閻長貴:秘書揭康生與鄧小平鮮為人知的親密關係

閻長貴:秘書揭康生與鄧小平鮮為人知的親密關係

 

黃宗漢作為康生的秘書,在康生身邊工作十幾年,經曆了康生主持寫和蘇共爭論即所謂“反修”的“九評”文章的事,也見證了康生參與領導“無產階級文化大革命”的全過程。康生死後,他還由於康生生前的關照,被任命為軍委辦公廳副主任(副軍級)。他和康生相處時間很長,無疑對康生是很了解的。但他對康生莫說沒留下全麵的回憶,就是某個方麵、某個問題的比較全麵的回憶也沒有。這是多麽可惜、而又實在無法彌補和挽救的事情。與他相同,還有一位比他給康生做秘書時間更長的李鑫,在康生死後,當了中央辦公廳副主任——據說還是第一個向華國鋒提議解決“四人幫”的人,而他比黃宗漢死的還早,也沒有看到他留下什麽對康生的回憶材料。不消說,沒有李鑫、黃宗漢對康生的回憶,這對全麵(包括正麵和負麵)認識和了解康生是很不利的。而在李鑫、黃宗漢生前,也沒有人做這方麵的“搶救”工作,甚至沒人提起這件事,實在是一種遺憾,一個教訓。

中華民族向來以曆史悠久和十分尊重曆史聞名世界,而在今天(或者說當代)卻有人千方百計地要人們淡忘曆史及其真相(特別是共產黨創造和開創的曆史及其真相),這實在令人不解。想想,我們現在出版的中國共產黨的黨史書和中華人民共和國的國史書能同司馬遷的《史記》和班固的《漢書》相比嗎?據一位很著名的黨史專家說(大意),官修的黨史,是教育幹部用的,能管十年、二十年。

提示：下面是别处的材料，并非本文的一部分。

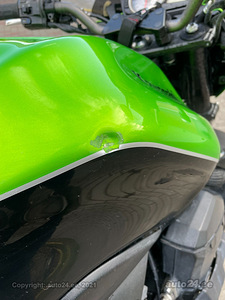 Kawasaki Z 750 78kW (3 foto / 5)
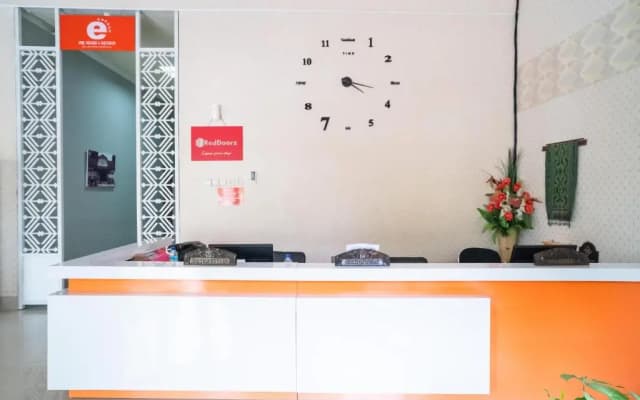 RedDoorz @ Jalan Pendidikan Mataram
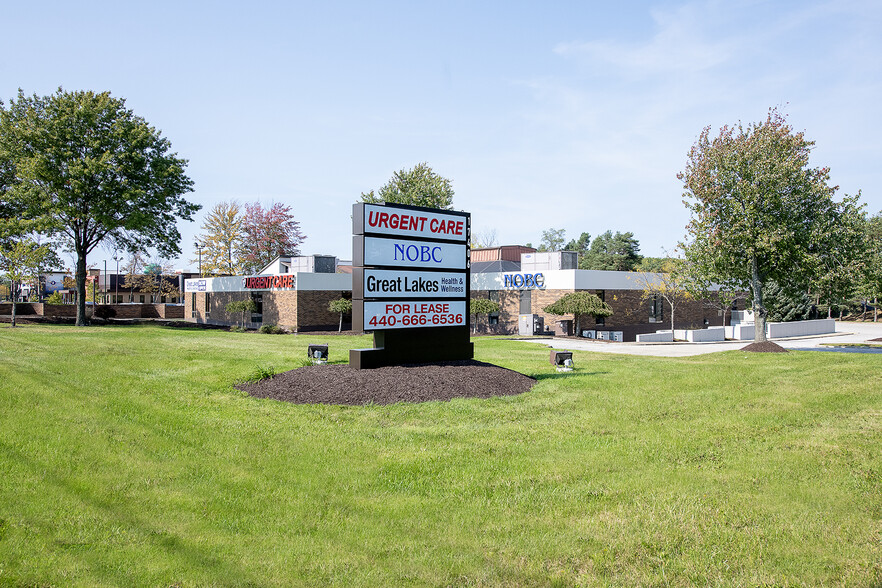 17406 Royalton Rd, Strongsville, OH à louer - Photo de l’immeuble – Image 2 sur 13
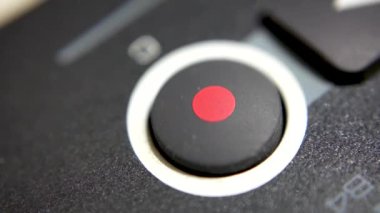 parmak kayıt düğmesine basarak yakın yukarı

這怎麽能叫做經得起“曆史的檢驗”!《史記》已兩千多年,有誰非議過它。我們常說,“資政育人”,“要曆史告訴未來”,而若沒有“信史”,怎麽“資政育人”,怎樣“告訴未來”?

扯得太遠了,還是回到本題。黃宗漢沒有留下對康生的比較全麵的回憶材料,但我以及其他人在“文革”後和他的接觸中,他還是談到康生的一些事情,盡管不全麵、不係統,但對我們了解康生這個中共黨史和中國國史不能不提到的人物,還是有幫助的。所以,我不揣冒昧地寫了這篇小文。

我是1967年1月到1968年1月給江青當秘書期間認識黃宗漢的,因為我們都是小知識分子,又在負責人身邊做同樣的工作,認識後,很親切,簡直成了無話不談的朋友。在“文革”中他比我幸運,他一直受康生重用,而我則僅僅一年時間就被江青誣為“坐探”投入了監獄,關押起來。“文革”後我們又不止一次地見麵相聚、暢談,他還經常問我,經濟上有困難沒有,他表示可以幫助我,我很感激他。2001年3月22日,我和曆史學家蘇雙碧先生一起到國防大學去看望他(他在康生被揭發和批判後得到某大人物的關照,僅被降為國防大學師職教員,蘇雙碧和他是福建老鄉),在我們晤談中,他談到康生和中央一些人的關係,我認為很重要,回家後做了追記,現在加以整理,公之於世。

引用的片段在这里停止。